▶ _What this task involves_
Find the line with "NFT Non-fungible token" in the entries below. Repeat it, every following line, and the line with "Blackberry Tea - Dragon Maid Tohru", exactly and with nothing added.

▶ _Collection entries_
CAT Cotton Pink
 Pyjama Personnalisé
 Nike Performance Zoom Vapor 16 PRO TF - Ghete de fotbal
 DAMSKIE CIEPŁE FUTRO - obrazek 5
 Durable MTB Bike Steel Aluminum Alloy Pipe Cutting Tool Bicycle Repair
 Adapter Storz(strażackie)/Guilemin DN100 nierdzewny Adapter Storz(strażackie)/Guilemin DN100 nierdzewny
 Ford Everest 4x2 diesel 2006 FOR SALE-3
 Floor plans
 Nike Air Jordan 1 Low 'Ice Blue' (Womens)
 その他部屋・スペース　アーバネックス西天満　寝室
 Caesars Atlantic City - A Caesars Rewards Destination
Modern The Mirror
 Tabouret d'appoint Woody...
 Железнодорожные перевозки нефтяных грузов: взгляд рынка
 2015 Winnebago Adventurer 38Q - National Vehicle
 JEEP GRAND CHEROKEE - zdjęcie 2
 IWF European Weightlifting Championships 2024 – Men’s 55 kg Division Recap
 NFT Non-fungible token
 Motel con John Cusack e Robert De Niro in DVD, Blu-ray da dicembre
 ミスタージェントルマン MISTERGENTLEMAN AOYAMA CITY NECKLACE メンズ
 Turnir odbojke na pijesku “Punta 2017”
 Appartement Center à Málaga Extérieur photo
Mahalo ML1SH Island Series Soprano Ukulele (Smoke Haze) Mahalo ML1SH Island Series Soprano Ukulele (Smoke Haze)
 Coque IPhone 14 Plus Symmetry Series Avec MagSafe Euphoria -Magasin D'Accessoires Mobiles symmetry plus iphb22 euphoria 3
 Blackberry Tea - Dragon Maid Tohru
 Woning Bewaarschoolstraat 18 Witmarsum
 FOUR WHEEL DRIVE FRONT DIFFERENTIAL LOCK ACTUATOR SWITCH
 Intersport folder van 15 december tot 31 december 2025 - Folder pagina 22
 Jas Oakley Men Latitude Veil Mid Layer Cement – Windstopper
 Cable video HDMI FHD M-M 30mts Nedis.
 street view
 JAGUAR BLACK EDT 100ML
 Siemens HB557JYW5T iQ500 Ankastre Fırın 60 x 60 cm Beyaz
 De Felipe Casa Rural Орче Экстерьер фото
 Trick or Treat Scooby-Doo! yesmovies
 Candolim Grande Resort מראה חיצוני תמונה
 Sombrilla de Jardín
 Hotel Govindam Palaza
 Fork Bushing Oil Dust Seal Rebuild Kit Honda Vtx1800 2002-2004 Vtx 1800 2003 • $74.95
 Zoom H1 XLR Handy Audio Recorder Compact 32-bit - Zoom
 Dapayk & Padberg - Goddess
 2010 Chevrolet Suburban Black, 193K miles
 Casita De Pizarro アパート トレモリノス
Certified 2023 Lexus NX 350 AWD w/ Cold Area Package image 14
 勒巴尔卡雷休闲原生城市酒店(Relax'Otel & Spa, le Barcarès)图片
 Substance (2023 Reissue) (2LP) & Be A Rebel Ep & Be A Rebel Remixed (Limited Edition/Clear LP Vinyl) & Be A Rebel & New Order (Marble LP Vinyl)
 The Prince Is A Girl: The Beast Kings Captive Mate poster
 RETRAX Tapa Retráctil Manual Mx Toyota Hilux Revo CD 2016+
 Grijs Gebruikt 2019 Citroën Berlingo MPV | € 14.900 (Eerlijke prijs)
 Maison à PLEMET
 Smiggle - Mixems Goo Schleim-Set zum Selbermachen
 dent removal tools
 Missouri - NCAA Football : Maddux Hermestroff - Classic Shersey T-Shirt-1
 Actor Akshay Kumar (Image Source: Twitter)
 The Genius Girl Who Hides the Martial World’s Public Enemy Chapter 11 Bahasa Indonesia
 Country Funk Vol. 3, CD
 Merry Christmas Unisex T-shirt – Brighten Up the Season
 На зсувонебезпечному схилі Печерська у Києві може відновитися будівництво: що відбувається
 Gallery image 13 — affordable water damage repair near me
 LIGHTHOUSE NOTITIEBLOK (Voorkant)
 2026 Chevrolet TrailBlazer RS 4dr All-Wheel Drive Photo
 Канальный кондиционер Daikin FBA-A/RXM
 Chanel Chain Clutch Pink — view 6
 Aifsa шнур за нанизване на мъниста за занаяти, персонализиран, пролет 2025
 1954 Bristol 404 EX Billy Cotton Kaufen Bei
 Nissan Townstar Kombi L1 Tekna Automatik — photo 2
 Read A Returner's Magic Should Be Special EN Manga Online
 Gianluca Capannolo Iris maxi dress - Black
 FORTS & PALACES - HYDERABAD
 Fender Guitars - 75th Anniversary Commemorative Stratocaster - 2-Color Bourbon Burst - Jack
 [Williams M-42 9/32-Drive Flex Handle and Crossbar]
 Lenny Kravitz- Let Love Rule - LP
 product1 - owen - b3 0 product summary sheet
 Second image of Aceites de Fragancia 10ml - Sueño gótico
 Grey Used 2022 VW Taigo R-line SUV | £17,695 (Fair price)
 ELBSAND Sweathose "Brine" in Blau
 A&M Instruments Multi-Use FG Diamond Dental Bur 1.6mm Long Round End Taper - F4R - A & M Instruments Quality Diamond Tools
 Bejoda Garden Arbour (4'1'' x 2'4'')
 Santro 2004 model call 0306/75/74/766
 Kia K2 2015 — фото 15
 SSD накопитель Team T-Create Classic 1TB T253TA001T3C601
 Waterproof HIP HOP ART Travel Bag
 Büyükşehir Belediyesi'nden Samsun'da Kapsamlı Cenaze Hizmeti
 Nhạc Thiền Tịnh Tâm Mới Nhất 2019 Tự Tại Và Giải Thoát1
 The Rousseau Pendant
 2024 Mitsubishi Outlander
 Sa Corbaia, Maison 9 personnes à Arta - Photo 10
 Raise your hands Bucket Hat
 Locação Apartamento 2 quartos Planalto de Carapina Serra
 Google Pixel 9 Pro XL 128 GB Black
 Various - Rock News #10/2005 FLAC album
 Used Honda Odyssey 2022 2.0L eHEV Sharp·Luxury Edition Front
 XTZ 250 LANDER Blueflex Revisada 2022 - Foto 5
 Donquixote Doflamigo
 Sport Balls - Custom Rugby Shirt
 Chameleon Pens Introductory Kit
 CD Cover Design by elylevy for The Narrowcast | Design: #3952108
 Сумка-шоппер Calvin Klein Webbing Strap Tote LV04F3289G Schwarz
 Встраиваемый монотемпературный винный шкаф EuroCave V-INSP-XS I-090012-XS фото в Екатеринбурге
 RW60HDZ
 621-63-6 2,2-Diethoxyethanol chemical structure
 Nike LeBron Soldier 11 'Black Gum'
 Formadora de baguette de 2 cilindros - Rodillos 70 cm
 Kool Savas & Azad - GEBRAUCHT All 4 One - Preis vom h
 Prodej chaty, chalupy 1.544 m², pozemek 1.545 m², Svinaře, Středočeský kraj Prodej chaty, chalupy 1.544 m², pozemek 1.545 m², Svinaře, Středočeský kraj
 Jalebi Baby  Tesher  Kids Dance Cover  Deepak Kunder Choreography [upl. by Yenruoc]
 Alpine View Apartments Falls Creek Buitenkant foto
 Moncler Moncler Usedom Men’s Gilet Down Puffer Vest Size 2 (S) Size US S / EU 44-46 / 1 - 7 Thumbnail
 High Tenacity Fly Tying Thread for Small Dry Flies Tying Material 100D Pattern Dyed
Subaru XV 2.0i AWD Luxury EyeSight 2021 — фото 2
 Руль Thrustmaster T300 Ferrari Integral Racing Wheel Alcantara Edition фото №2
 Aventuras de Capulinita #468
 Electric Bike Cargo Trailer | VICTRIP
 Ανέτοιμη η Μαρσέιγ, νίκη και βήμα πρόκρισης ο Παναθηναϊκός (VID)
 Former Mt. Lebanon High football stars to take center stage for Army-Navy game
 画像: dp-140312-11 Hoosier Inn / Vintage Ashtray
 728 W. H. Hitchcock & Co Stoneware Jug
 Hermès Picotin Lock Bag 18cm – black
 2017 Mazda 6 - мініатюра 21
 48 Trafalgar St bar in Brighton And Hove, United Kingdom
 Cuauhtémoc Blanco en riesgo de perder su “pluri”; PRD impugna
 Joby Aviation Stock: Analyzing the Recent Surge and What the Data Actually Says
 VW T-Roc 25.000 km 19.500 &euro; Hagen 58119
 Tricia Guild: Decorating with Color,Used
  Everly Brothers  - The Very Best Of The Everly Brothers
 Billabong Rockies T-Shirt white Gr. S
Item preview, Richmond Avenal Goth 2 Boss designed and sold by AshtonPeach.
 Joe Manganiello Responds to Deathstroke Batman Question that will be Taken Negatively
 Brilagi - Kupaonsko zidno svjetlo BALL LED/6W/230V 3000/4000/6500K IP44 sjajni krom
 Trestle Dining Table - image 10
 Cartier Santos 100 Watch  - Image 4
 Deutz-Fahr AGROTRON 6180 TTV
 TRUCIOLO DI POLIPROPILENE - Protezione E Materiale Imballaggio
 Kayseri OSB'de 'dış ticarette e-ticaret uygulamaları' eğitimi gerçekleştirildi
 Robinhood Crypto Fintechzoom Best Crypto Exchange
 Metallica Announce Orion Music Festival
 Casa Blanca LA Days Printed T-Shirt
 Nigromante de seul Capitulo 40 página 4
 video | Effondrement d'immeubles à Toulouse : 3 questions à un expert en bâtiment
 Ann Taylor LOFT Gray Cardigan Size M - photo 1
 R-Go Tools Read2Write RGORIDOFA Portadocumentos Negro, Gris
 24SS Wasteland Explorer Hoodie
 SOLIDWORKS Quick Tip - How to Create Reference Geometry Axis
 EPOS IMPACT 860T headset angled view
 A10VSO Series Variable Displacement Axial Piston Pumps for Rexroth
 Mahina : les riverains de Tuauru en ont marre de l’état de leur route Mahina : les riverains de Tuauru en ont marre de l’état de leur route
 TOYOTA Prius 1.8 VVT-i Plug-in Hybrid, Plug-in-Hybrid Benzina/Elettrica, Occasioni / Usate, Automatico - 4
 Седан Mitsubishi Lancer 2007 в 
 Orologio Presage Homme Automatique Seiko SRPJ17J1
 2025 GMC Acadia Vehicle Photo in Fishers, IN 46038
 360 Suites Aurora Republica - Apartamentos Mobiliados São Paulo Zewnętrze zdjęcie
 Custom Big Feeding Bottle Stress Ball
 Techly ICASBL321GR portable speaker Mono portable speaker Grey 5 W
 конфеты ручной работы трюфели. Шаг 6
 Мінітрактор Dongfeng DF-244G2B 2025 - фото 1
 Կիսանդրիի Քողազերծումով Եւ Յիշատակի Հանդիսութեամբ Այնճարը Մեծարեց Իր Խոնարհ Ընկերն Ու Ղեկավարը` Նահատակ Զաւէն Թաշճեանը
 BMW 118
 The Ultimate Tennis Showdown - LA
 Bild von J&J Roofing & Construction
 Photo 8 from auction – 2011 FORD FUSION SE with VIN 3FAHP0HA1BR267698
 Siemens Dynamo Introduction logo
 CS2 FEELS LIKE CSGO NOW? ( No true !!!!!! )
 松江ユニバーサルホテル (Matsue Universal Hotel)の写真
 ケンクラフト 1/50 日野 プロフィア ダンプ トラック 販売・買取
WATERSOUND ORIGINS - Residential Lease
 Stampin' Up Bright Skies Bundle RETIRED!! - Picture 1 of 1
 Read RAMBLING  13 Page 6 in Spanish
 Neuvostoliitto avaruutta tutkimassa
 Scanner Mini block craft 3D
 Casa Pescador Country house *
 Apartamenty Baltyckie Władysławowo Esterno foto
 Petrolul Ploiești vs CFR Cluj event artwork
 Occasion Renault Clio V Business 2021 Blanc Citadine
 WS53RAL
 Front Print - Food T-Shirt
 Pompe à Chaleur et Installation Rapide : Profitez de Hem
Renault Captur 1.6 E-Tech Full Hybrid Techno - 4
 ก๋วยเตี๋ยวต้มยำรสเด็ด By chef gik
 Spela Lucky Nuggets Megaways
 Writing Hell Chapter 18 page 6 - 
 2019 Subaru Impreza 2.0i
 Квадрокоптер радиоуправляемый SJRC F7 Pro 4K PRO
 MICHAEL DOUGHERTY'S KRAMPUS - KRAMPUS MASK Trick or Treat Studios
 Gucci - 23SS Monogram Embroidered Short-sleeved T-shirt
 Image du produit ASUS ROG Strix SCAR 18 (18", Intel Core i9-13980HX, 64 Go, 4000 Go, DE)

▶ _Reply_
 NFT Non-fungible token
 Motel con John Cusack e Robert De Niro in DVD, Blu-ray da dicembre
 ミスタージェントルマン MISTERGENTLEMAN AOYAMA CITY NECKLACE メンズ
 Turnir odbojke na pijesku “Punta 2017”
 Appartement Center à Málaga Extérieur photo
Mahalo ML1SH Island Series Soprano Ukulele (Smoke Haze) Mahalo ML1SH Island Series Soprano Ukulele (Smoke Haze)
 Coque IPhone 14 Plus Symmetry Series Avec MagSafe Euphoria -Magasin D'Accessoires Mobiles symmetry plus iphb22 euphoria 3
 Blackberry Tea - Dragon Maid Tohru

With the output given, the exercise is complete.